Agora que todo mundo em Porto Alegre quer o Fórum Social Mundial - por convicção ideológica ou interesse econômico - acabou-se o que era doce. Menor e menos pretensioso, o Fórum de 2004 será na Índia, com a promessa de voltar ao Brasil no ano seguinte. O Fórum Social Mundial tal qual o conhecemos, como contraponto ao Fórum Econômico Mundial de Davos, acaba aqui. E acaba exatamente no ano em que chegou ao ápice em número de participantes.

Desde a primeira edição se discutia a possibilidade de o Fórum Social Mundial ser realizado em diferentes pontos do planeta a cada ano, mas até pela dificuldade de encontrar outro lugar com as mesmas condições políticas favoráveis de Porto Alegre chegou-se à terceira edição. O apoio financeiro do governo do Estado e da prefeitura, mesmo contestado por setores que abominam a linha ideológica orientadora do Fórum, estaria assegurado. Nos últimos dias, o governador Germano Rigotto engrossou o coro dos que defendiam a permanência do Fórum na Capital, e o prefeito João Verle é um dos seus maiores defensores.

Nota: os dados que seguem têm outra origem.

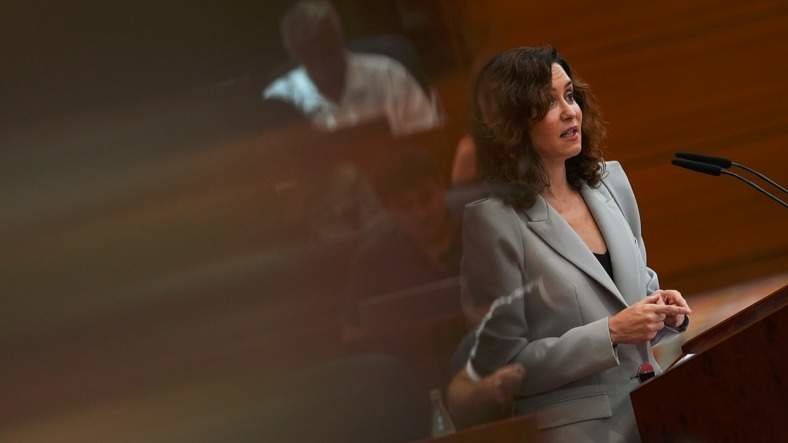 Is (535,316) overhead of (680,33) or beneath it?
beneath

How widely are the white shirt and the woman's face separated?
0.64 meters

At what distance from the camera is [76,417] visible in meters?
0.46

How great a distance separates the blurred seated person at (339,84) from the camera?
548 millimetres

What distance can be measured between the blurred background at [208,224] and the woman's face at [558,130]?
1.92 ft

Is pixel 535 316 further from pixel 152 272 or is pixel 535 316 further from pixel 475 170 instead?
pixel 152 272

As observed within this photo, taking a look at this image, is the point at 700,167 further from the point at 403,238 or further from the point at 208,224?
the point at 208,224

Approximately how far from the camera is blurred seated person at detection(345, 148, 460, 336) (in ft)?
1.91

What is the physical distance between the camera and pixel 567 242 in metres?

No próximo verão, hotéis, bares e restaurantes voltam a amargar o marasmo característico dos meses de janeiro e fevereiro. Quem ganhou nestes três anos com a avalanche de estrangeiros será o primeiro a sentir saudade.

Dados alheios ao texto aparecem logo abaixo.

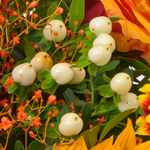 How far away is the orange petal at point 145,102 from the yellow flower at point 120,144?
0.08 metres

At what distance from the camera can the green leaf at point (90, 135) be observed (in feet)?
0.90

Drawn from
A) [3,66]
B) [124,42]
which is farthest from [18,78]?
[124,42]

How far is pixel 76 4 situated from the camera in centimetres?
33

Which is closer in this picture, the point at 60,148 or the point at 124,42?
the point at 60,148

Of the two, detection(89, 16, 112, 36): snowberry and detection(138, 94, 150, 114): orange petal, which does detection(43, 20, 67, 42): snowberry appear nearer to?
detection(89, 16, 112, 36): snowberry

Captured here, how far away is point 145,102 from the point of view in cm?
37

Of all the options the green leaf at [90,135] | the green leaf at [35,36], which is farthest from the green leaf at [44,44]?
the green leaf at [90,135]

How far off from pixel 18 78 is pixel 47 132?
69mm

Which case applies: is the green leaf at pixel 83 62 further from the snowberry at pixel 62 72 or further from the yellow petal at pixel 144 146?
the yellow petal at pixel 144 146

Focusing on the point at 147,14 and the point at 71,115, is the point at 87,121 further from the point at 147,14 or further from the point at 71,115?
the point at 147,14

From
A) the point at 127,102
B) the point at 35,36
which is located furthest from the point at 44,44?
the point at 127,102

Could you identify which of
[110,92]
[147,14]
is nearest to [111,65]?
[110,92]

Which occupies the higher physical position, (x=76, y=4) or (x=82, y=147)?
(x=76, y=4)

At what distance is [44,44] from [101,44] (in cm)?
8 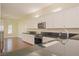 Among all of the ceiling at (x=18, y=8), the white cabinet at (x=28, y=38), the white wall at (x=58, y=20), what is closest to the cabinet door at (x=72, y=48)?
the white wall at (x=58, y=20)

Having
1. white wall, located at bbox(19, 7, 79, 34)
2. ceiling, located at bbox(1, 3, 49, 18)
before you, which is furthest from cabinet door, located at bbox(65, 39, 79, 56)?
ceiling, located at bbox(1, 3, 49, 18)

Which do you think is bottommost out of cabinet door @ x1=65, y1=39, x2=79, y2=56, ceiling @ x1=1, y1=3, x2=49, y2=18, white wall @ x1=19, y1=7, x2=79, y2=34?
cabinet door @ x1=65, y1=39, x2=79, y2=56

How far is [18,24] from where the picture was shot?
1853mm

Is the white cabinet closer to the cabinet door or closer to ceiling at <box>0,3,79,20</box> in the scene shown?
ceiling at <box>0,3,79,20</box>

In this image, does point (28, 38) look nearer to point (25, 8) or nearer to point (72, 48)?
point (25, 8)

Assim como asiáticos e africanos têm dificuldades financeiras para participar do Fórum em Porto Alegre, os milhares de brasileiros que acampam no Parque Maurício Sirotsky ou se hospedam em hotéis baratos e casas particulares não poderão participar das discussões de 2004. Terão de se contentar com encontros regionais, que não têm o mesmo peso nem o atrativo de permitir o convívio com pessoas de outros países e de outras culturas. E torcer para que em 2005 o encontro não se esvazie pela descontinuidade.

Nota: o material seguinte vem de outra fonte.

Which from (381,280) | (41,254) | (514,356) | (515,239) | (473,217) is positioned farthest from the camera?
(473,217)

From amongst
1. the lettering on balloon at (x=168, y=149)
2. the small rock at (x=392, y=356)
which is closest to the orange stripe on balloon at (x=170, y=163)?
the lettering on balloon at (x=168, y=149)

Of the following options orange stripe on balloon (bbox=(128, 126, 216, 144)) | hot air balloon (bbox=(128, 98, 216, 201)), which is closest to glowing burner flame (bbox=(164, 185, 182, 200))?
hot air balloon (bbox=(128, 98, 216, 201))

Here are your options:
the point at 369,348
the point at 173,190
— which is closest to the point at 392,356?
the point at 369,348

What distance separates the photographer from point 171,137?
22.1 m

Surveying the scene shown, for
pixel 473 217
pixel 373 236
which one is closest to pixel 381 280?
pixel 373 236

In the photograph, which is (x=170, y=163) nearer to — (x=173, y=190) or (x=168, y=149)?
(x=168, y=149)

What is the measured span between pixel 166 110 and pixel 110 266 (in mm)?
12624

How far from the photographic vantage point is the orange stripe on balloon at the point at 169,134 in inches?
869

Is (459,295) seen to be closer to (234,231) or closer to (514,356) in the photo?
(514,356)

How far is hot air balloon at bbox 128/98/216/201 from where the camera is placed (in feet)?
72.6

O mais surpreendente nas decisões de ontem foi a desvinculação da data do Fórum Econômico Mundial. Foi-se por água abaixo a idéia original de realizar um fórum social na mesma data do encontro do capital em Davos, na Suíça. Depois que o presidente Luiz Inácio Lula da Silva decidiu ir a Davos, contrariando a opinião de uma parte dos organizadores do encontro, o contraponto perdeu o sentido. Sem a coincidência de datas, fica mais fácil a vida dos que, como Lula, consideram importante participar dos dois fóruns.

Por coincidência, a participação de Lula em Davos ocorre no mesmo dia em que o presidente venezuelano Hugo Chávez desembarca em Porto Alegre em busca de apoio para enfrentar a maior crise de seu tumultuado mandato. Enquanto Chávez estiver recebendo os aplausos dos participantes do Fórum Social Mundial, seu amigo Lula estará na Europa, medindo a repercussão de um pronunciamento que tem tudo para ser o grande o momento do Fórum Econômico.